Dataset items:
§ §

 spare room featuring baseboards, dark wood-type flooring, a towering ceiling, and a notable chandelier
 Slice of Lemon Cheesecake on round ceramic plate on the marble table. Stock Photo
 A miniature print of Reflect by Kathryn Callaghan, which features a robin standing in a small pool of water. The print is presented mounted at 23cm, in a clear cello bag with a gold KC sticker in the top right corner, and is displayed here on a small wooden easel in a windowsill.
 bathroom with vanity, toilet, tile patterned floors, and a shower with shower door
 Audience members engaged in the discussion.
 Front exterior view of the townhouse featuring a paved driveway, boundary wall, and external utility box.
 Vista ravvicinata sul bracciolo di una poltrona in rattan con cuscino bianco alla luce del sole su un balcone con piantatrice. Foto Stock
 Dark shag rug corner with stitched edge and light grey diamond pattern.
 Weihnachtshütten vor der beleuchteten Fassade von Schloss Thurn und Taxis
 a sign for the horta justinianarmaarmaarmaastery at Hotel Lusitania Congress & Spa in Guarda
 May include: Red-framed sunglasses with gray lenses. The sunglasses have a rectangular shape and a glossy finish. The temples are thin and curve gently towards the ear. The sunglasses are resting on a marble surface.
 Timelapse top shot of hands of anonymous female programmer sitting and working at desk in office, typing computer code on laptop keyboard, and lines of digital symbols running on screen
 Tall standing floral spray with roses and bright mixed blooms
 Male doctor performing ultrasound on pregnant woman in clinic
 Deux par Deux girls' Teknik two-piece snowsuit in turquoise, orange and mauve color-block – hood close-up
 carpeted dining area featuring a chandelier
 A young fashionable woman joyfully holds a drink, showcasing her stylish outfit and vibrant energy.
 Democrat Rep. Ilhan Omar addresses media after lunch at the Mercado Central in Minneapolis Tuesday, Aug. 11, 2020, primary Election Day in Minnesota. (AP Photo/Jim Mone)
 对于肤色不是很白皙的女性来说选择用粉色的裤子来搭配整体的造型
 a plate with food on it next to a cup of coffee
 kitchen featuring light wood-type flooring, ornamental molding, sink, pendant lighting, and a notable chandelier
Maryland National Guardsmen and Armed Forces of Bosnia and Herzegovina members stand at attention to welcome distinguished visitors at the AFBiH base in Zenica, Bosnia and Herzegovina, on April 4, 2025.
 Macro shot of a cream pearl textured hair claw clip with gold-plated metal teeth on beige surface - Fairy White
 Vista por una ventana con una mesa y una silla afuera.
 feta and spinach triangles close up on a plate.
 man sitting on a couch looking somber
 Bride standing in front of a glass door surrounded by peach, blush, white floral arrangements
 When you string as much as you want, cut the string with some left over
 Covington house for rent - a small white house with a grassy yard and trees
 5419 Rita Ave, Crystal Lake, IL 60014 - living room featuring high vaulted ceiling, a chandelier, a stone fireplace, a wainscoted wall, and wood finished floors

§ §

◆ TASK DIRECTIONS ◆
All lines above from the line with "Dark shag rug" through the line with "A young fashionable", both included, are to be set down exactly, with nothing else.

◆ ANSWER TO THIS EXERCISE ◆
 Dark shag rug corner with stitched edge and light grey diamond pattern.
 Weihnachtshütten vor der beleuchteten Fassade von Schloss Thurn und Taxis
 a sign for the horta justinianarmaarmaarmaastery at Hotel Lusitania Congress & Spa in Guarda
 May include: Red-framed sunglasses with gray lenses. The sunglasses have a rectangular shape and a glossy finish. The temples are thin and curve gently towards the ear. The sunglasses are resting on a marble surface.
 Timelapse top shot of hands of anonymous female programmer sitting and working at desk in office, typing computer code on laptop keyboard, and lines of digital symbols running on screen
 Tall standing floral spray with roses and bright mixed blooms
 Male doctor performing ultrasound on pregnant woman in clinic
 Deux par Deux girls' Teknik two-piece snowsuit in turquoise, orange and mauve color-block – hood close-up
 carpeted dining area featuring a chandelier
 A young fashionable woman joyfully holds a drink, showcasing her stylish outfit and vibrant energy.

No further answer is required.